::: SOURCE RECORDS :::
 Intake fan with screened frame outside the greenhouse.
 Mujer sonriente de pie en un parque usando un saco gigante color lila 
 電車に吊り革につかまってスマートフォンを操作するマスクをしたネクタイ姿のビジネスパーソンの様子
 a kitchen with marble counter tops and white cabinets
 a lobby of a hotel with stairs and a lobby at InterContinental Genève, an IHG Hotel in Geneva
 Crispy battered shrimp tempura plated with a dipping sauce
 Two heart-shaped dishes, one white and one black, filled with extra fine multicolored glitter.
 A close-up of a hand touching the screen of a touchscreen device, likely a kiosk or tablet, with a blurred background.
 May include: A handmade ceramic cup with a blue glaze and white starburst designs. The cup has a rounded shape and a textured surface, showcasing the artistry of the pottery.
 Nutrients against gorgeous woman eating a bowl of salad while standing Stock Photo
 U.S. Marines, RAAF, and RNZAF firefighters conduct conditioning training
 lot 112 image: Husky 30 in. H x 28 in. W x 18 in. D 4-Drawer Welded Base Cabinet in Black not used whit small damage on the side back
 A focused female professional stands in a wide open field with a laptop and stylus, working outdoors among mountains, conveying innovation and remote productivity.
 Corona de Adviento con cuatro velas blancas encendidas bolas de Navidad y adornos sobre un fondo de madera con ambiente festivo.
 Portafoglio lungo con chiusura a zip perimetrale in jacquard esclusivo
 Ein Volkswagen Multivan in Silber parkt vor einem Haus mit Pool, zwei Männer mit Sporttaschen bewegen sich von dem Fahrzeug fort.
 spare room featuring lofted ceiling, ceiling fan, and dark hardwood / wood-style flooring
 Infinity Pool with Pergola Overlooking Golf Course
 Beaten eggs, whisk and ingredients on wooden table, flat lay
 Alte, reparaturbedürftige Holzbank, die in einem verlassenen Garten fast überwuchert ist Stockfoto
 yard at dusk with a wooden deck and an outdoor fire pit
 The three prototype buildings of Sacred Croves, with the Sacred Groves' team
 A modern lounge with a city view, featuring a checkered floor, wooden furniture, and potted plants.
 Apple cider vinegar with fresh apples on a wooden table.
:::
**WHAT YOU ARE ASKED TO DO:** Filter by the word "einem": copy every line of the data that holds it.

**SOLVED EXERCISE:**
 Ein Volkswagen Multivan in Silber parkt vor einem Haus mit Pool, zwei Männer mit Sporttaschen bewegen sich von dem Fahrzeug fort.
 Alte, reparaturbedürftige Holzbank, die in einem verlassenen Garten fast überwuchert ist Stockfoto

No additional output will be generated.